Thursday, March 02, 2006

Relics

I've been involved in a school assignment that has taken me further than any school assignment has taken me in the past. This is one reason I haven't been writing in this blog lately - because I've been writing so much for school that I am beyond spent.

One of the many aspects of the assignment is to find family relics. Just now, changing from school clothes to sleeping clothes (yes, I WILL sleep tonight, as I have not done for three or so days), I realized that I do not have to look any further than my own body for the most important relics. The jewelery that I wear are my relics. Yes, sometimes I put on costume jewelery or additional jewelery to emphasize an outfit or something, but relics of my family history are permanently around my neck and on my hands. They all mean a great deal to me.

I wear four rings and two necklaces. On my left hand is a ring given to me by my oldest aunt, who followed her dream to be the intelligent, self-sufficient woman she is, skilled in computers, leaving our family's origins in the Bronx to go to California when the technology industry was just beginning. So when I look at the middle finger of my left hand, I what I see is her strength in moving across the country in the ring she purchased on her first independent trip to Mexico. On my right hand, on my ring finger, I wear a ring from my grandmother, who has a January birthday, with five garnets (the stone of January) to symbolize her five children, giving back to her. On the middle finger of my right hand, I wear two rings. The one on top is a small braided band that I bought for the equivalent of two American dollars when I went on my own personal adventure to Mali, West Africa, and lived there for six months, and was given the band by my family there. I wear it to protect something else - the ring that lies beneath it on the same finger. This ring was carved by my grandfather when he was in World War II and, an artist at heart, a musician specifically, who used his time to carve a ring from silver New Guinean coins in the form of eight interconnected hearts. This ring may be my most treasured possession.

On my neck I wear a necklace, longer and given to me by my mother, that says "LM." The L stands for my first name; the M for my great-grandmother who emigrated here from Italy by herself in the middle of the night and was so strong and beautiful that I am honored to have her name as my middle name. And the other necklace I wear is from my ex-boyfriend, and I have no idea why I still wear it all the time, but I can't figure out everything right now.

Those are my personal, physical relics. I don't have to search for them anywhere, because I see them on my fingers any time I am typing; I see them around my neck any time I look in the mirror.

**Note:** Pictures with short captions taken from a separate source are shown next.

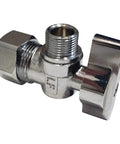 Beefy Brass One Quarter Turn Angle Stop Valve Chrome Plated Heavy Duty One Half In Nominal Five Eighths In OD Compression
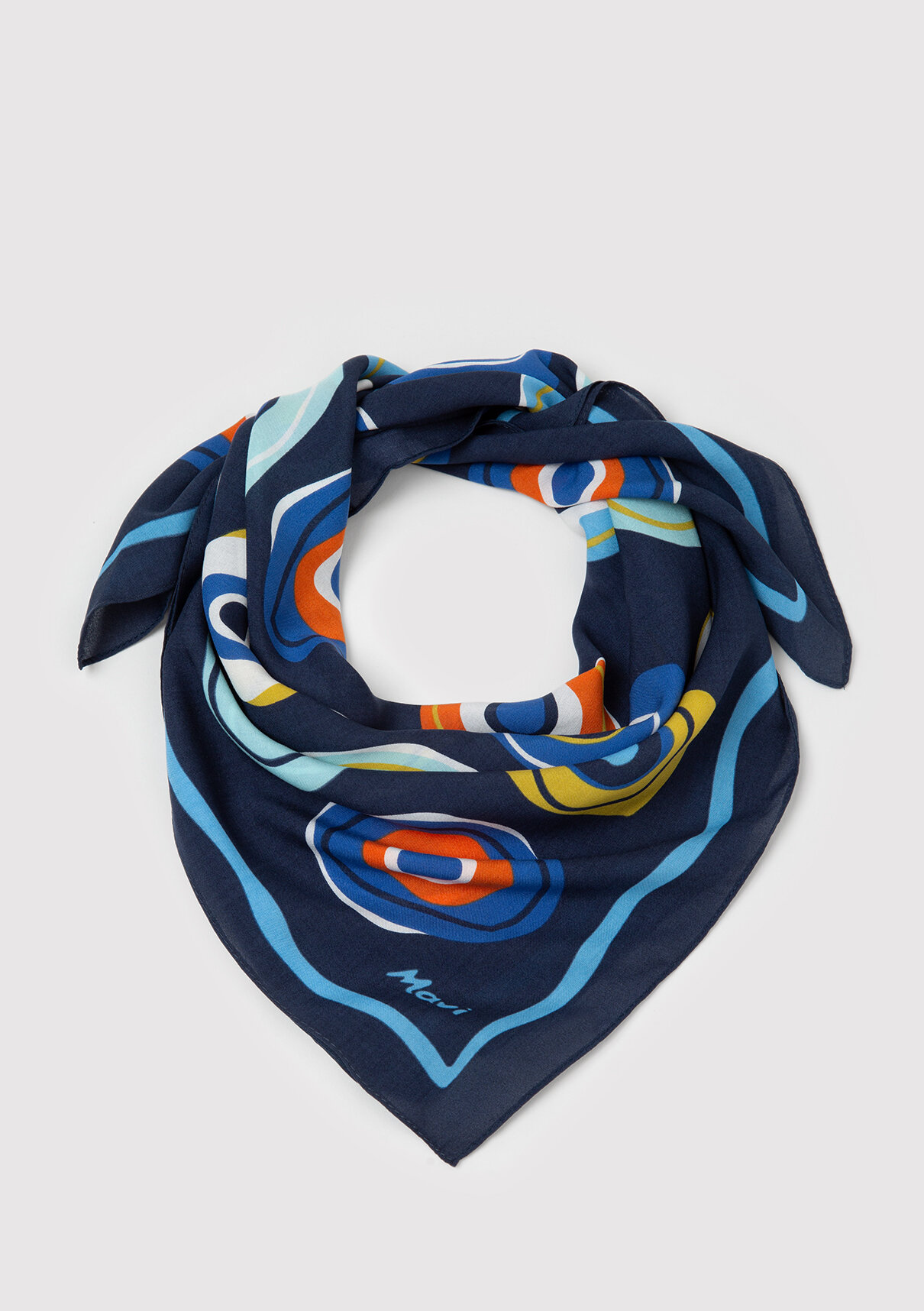 Mavi Nazar Boncuğu Baskılı Lacivert Bandana görsel 2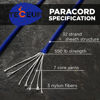 Picture of TECEUM Paracord Type III 550 Simple Blue - 200 ft - 4mm - Tactical Rope MIL-SPEC - Outdoor para Cord - Camping Hiking Fishing Gear - EDC Parachute Cord - Strong Survival Rope 001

I hope this makes sense, because I haven't slept in three days and I am probably blabbering on and on and... god bless my family. Whichever god or power anyone believes in, whichever god or higher power I believe in, there is something that I believe is more than we are as physical figures on this earth. And I embrace those symbols that represent the emotions that were a part of every single piece of jewelery that I wear, forever connected to my body, forever a part of me.